Caught Little Birdy, Sarah Blasko, along with Tex Perkins and Tim Rogers at Legs 11. Lots of fun in the park, with music, wine and food -- the most relaxed gig I've ever been to. The new Little Birdy album, Hollywood, has some real Yeah Yeah Yeah-ish sounds, and even some Chrissie Amphlett moments. On the topic of sound, my music of the moment must be Deerhoof though, for sheer crazy, noisy fun.

/home :: /music :: permalink :: rss

2006-11-02

@pl-ising Stefan Holdermans' Code

Stefan made a little joke about how sometimes Haskell code can be non-obvious. Although his code seems pretty tame, I wondered what it would look like @pl-ified by lambdabot.
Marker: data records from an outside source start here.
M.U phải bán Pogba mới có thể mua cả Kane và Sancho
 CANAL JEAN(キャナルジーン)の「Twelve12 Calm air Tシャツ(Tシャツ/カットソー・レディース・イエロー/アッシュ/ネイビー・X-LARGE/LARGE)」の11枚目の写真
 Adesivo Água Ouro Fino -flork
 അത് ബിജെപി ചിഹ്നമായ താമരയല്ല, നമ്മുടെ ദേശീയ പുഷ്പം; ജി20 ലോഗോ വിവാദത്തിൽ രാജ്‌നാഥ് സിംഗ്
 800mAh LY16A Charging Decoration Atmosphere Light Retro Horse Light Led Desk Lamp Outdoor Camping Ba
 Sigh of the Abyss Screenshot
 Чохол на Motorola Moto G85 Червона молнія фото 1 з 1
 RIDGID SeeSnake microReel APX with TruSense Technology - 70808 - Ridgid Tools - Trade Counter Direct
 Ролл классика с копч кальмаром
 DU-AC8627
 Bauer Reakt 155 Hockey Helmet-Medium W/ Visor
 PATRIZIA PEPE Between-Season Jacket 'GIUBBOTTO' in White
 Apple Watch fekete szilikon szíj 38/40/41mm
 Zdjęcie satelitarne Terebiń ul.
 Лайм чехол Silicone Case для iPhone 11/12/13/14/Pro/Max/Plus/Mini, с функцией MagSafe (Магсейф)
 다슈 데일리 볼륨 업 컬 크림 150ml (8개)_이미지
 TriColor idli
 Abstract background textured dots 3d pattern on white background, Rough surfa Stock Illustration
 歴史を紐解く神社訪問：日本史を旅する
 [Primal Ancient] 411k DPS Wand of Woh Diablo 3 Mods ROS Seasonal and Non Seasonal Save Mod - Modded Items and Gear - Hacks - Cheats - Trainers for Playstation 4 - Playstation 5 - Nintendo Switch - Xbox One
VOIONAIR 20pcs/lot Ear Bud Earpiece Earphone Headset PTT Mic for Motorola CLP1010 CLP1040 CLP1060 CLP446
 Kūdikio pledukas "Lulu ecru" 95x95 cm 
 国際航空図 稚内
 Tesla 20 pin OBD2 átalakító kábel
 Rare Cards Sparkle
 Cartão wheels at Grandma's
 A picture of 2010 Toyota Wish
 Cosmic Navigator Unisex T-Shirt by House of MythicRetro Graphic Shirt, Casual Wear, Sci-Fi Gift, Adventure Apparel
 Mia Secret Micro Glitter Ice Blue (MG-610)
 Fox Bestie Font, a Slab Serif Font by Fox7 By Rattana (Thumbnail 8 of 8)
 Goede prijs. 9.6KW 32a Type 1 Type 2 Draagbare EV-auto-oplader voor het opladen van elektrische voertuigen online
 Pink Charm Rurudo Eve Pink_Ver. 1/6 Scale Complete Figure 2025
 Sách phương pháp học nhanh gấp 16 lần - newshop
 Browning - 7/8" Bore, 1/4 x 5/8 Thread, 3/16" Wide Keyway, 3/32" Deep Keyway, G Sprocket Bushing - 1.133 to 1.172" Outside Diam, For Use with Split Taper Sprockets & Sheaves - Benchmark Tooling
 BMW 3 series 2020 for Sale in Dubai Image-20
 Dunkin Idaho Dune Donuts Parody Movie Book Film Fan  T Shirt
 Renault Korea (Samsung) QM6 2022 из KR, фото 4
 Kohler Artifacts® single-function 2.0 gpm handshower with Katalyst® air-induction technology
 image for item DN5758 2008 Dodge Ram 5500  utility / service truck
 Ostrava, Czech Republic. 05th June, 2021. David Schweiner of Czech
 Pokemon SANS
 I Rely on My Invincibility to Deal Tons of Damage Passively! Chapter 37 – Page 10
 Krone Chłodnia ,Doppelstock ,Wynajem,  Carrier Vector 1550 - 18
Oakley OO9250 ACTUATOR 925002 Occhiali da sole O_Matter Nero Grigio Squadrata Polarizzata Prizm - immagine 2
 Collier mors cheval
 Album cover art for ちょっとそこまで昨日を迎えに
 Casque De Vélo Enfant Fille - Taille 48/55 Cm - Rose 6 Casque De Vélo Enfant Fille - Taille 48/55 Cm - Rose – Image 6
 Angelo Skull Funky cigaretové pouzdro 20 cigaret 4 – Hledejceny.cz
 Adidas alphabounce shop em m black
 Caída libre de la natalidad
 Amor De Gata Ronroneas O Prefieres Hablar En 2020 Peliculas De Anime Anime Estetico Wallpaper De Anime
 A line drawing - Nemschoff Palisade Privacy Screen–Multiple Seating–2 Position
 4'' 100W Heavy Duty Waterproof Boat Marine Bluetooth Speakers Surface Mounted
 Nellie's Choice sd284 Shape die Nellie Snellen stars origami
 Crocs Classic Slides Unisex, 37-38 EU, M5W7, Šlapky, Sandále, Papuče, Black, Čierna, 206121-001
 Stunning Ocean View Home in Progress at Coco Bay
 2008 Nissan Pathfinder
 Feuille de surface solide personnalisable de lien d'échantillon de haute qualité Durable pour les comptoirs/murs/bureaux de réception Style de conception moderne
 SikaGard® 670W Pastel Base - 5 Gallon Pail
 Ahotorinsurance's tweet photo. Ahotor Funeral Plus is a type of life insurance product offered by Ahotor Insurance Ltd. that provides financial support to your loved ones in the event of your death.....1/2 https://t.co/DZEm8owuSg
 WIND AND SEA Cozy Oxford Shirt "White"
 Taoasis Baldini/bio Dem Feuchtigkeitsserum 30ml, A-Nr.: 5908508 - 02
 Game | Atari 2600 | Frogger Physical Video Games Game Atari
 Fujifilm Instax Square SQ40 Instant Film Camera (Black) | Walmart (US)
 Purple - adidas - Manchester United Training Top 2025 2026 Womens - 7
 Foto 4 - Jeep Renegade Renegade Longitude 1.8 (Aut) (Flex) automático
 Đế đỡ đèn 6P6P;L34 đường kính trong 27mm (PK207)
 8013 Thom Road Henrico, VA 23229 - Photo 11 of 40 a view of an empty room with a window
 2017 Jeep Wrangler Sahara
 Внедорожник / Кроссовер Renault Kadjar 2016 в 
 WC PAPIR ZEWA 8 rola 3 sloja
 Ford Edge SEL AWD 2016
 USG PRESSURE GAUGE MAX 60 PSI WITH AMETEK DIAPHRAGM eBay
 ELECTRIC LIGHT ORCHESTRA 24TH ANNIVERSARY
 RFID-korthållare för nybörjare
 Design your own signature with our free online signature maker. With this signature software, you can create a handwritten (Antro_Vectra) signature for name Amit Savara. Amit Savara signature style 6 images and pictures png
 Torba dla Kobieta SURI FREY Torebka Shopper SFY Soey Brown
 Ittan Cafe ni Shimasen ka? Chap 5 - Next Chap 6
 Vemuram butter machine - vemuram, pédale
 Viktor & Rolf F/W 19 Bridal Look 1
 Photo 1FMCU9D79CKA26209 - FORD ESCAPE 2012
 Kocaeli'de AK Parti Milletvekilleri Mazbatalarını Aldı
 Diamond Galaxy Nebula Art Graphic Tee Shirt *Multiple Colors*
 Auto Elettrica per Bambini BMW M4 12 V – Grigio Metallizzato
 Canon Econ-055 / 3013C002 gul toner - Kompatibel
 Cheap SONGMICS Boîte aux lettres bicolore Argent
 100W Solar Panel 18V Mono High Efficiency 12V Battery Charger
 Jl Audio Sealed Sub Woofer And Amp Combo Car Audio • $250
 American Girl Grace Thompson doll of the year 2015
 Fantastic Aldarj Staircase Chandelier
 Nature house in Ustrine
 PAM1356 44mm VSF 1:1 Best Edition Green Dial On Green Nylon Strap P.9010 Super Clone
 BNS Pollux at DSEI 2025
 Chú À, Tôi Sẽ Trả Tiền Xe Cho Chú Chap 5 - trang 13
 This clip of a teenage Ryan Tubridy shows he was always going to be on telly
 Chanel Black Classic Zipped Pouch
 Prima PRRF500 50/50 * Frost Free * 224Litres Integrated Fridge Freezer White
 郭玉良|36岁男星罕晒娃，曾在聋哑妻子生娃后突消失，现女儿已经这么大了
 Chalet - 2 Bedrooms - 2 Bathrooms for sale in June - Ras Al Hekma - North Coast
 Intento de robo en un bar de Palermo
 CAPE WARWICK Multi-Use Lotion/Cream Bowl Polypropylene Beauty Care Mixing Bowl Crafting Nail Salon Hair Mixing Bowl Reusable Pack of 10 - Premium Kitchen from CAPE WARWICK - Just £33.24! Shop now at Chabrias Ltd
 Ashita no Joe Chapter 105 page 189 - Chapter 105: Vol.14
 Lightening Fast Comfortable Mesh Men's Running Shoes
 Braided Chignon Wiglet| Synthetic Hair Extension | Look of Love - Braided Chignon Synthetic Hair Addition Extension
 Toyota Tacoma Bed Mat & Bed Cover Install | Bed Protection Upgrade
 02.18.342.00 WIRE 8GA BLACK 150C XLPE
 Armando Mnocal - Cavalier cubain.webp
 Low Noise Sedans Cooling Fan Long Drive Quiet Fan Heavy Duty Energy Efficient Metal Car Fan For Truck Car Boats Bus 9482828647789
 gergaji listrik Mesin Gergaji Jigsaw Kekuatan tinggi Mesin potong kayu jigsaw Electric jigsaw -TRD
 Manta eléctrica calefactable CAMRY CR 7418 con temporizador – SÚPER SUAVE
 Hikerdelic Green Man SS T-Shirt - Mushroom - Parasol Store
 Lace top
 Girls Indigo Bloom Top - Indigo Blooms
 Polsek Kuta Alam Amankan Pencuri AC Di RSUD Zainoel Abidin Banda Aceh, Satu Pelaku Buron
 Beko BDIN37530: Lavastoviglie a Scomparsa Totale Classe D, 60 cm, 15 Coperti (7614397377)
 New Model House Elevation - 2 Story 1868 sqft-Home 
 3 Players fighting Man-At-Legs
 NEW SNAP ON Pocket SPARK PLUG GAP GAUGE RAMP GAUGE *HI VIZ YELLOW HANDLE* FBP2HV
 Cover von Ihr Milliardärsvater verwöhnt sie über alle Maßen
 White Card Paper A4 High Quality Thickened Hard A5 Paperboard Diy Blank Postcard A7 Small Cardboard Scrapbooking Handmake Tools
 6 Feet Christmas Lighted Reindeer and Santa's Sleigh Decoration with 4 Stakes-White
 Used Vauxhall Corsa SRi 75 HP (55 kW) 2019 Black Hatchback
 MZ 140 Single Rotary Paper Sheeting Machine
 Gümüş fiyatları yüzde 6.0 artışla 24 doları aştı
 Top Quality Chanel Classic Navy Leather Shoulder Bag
The results were surprisingly good:
import Control.Arrow
import Data.List

order = map snd
      . sortBy ((. fst)
      . compare . fst)
      . zipWith ((id ***) . flip (,)) [toEnum 0..]
      . sortBy ((. snd) . compare . snd)
      . zip [0..]
Looks about the same, right? Yes! I thought lambdabot would explode this, and it didn't :) The end.

/home :: /haskell :: permalink :: rss

2006-10-19

Back from San Francisco

Back from San Francisco, after spending a week there for the Google Summer of Code Summit. I'll write more about that in the next few days. Getting back, and I notice that it's really feeling like summer in Sydney now: it's 30-odd degrees, and our cactus is flowering for the first time. Nina Cat thinks its good weather for sleeping, as usual.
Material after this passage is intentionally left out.